◆ The task:
For this listing, the lines between the one holding "Tigaie pentru clatite, 4" and the one holding "Natural Fluorite Carved", inclusive, must be set down exactly.

[Start of section]

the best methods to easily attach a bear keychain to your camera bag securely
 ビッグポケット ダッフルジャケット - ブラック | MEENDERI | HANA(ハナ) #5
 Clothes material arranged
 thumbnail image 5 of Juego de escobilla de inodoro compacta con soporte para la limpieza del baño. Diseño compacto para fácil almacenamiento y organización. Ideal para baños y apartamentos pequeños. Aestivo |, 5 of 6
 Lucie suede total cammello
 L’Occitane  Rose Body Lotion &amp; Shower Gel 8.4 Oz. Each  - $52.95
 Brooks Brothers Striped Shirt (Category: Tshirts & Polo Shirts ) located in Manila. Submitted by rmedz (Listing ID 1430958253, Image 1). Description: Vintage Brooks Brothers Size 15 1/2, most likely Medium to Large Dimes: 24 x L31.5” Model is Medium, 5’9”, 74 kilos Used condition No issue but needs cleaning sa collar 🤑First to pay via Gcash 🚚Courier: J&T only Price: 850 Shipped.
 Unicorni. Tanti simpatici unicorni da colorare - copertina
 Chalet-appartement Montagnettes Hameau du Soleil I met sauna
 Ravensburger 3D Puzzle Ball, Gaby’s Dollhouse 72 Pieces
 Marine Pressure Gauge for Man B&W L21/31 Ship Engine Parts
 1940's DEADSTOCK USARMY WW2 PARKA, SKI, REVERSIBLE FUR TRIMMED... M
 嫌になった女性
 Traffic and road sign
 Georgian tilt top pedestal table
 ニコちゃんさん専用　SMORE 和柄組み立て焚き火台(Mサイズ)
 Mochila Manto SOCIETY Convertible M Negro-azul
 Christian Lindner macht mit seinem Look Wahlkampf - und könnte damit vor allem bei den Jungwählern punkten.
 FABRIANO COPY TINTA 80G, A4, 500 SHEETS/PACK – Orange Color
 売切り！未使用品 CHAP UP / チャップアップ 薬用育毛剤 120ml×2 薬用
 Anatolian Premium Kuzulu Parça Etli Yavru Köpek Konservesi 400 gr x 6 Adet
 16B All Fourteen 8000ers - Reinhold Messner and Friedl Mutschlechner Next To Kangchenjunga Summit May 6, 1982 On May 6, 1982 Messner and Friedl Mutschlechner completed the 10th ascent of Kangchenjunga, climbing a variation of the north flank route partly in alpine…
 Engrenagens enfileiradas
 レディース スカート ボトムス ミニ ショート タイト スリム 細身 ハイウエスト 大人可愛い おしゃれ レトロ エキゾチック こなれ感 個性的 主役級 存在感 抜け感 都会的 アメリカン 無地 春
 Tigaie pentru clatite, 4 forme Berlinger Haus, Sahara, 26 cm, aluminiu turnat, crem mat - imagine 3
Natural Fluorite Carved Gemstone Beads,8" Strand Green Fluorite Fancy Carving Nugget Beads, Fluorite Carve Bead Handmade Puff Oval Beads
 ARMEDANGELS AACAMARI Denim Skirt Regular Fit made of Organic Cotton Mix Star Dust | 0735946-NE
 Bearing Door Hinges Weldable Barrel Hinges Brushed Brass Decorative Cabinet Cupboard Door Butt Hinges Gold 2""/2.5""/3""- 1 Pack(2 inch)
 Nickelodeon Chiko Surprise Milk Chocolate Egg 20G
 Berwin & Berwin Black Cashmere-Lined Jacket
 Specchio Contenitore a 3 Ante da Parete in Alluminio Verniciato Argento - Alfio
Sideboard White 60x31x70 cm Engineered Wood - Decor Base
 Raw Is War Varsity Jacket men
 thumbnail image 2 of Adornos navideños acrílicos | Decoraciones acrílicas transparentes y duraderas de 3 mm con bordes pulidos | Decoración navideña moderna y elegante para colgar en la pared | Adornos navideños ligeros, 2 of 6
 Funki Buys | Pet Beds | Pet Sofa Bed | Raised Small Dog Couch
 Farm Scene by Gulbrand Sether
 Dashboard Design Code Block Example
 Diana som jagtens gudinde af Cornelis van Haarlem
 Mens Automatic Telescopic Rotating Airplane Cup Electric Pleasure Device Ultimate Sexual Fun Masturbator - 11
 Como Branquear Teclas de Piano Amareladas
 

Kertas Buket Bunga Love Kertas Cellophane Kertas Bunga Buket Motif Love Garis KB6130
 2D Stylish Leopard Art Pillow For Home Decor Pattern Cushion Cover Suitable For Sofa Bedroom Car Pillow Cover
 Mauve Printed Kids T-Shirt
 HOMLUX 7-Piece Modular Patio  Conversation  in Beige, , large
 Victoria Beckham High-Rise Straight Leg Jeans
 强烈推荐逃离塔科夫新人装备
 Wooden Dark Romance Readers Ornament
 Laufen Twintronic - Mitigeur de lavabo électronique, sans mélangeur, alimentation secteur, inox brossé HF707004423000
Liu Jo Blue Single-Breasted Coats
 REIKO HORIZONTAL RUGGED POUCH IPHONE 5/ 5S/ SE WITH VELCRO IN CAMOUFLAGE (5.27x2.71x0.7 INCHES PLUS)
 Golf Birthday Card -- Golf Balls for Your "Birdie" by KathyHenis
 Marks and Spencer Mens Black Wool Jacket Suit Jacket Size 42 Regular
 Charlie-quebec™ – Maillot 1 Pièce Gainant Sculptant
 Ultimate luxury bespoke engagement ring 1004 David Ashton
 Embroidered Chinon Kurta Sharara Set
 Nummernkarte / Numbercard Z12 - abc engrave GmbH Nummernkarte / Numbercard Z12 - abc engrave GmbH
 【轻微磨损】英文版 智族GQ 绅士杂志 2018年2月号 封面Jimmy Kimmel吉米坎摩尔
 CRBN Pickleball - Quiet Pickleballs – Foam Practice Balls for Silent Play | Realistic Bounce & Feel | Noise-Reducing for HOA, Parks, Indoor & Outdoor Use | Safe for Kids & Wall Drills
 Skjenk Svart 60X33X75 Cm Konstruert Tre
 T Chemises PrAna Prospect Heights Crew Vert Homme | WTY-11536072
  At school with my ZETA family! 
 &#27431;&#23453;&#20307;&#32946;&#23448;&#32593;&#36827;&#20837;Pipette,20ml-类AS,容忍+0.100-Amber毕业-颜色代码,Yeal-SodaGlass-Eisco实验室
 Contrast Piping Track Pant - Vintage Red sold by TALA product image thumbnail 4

[End of section]

◆ Answer for the task:
 Tigaie pentru clatite, 4 forme Berlinger Haus, Sahara, 26 cm, aluminiu turnat, crem mat - imagine 3
Natural Fluorite Carved Gemstone Beads,8" Strand Green Fluorite Fancy Carving Nugget Beads, Fluorite Carve Bead Handmade Puff Oval Beads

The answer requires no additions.